Le soir, j’ai relu mon carnet, essayé de rassembler les éléments comme Reine avant de sculpter. J’ai eu le sentiment d’avoir une montagne d’informations mais quand je les ai résumées, cela ne formait qu'un petit tas friable ou au mieux, un amas de quelques cailloux. Tout aussi bien, j’aurais pu les prendre un par un et les jeter dans l’eau, ils auraient émis un ploc disgracieux en tombant vers le fond.

Colombe Boncenne, "Des sirènes"

Un archipel de sensations

Ne pas en déduire pour autant que Colombe Boncenne y fait un trait sur ses audaces formelles. Innervé par de multiples fils narratifs, multipliant les effets d’écho et d’association, le roman s’inspire du thème mythologique des îles pour construire pas à pas un archipel de sensations autour d’un duo mère-fille vers lequel tout converge.

Odyssée intime, voyage autour d’une chambre d'hôpital, "Des sirènes" dévoile ainsi par petites touches, par une succession de séquences ciselées, l’ampleur du chemin parcouru. Parce que le dialogue qu’elle instaure avec sa mère, tout au long de son traitement, conduit la narratrice au cœur d’une histoire familiale tenue secrète jusqu'alors. Un récit fragmentaire, jalonné d’abus sexuels et d’enfants cachés, comme une lézarde profonde entaillant son arbre généalogique.

Dernière de cette lignée de femmes, la narratrice est celle qui pourra parler, trouver les mots susceptibles de rompre la chaîne de l’abus.
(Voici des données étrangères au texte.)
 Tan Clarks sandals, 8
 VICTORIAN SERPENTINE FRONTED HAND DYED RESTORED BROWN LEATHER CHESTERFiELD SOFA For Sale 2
Mais pour cela, il lui faudra des alliées, des âmes sœurs qu’elle rencontre sans bien savoir comment et qui composent, comme un reflet inversé de "Fight Club" (référence assumée de l’autrice), une communauté invisible de voix libératrices.

C’est ce que je voulais insuffler dans ce livre: il y a une bataille souterraine, ample, un mouvement que la narratrice souhaite rejoindre. Elle se demande comment elle va y arriver.

Colombe Boncenne

Le renouveau des relations hommes-femmes

Ces voix, ce sont celles des sirènes d’aujourd’hui. Celles qui, loin d’égarer les marins mythologiques, portent au cœur des villes le combat pour un renouveau des rapports hommes-femmes. Sans jamais le nommer, Colombe Boncenne sait avec finesse nous faire entendre l’écho du hashtag #MeToo et de ses slogans actifs. Et tandis que les forces d’un être s’amenuisent, jusqu’à livrer leur dernier souffle, quelque chose va naître au cœur de sa fille endeuillée, portée par ces nouvelles voix qui n’ont plus peur de dire la vérité.
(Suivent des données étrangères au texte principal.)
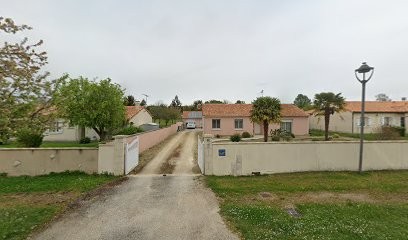 MARTINS R. Miguel, Maçon à Scorbé-Clairvaux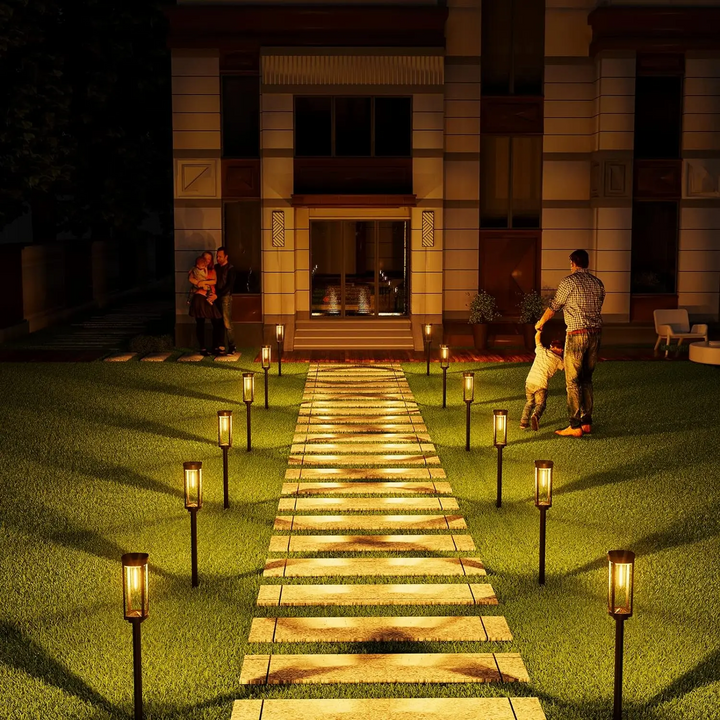 Moderne weerbestendige solarlantaarn. Elegant design met warm LED licht voor stijlvolle tuinverlichting.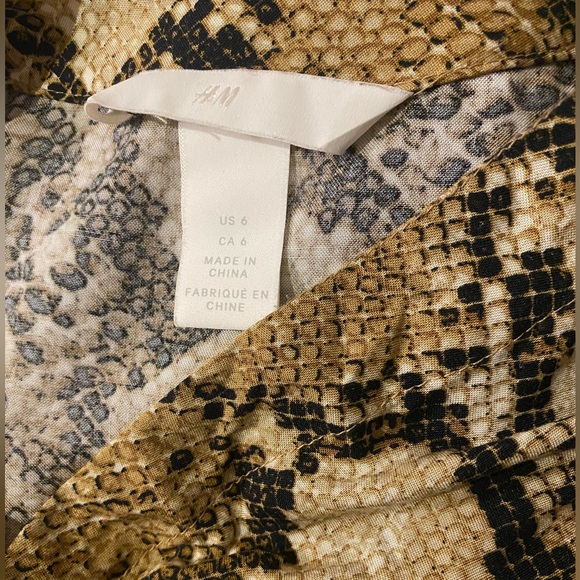 Snake print jumpsuit - Picture 7 of 8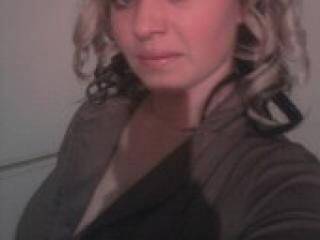 צ'אט וידאו ארוטי mandydee2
Bouleversant par la justesse de ses images et l’agencement subtil de ses procédés narratifs, ponctué de rencontres avec des êtres singuliers et pittoresques, "Des sirènes" réussit le tour de force d’aborder des thèmes aussi colossaux que la maladie, le deuil et la domination masculine, sans jamais céder à l’emphase dramatique. En quelque 200 pages où chaque mot semble à sa juste place, l’autrice française impose en douceur, en délicatesse, une écriture de soi aux antipodes des autofictions trash qu’on célèbre de nos jours.

Nicolas Julliard/mh

Colombe Boncenne, "Des sirènes", éditions Zoé.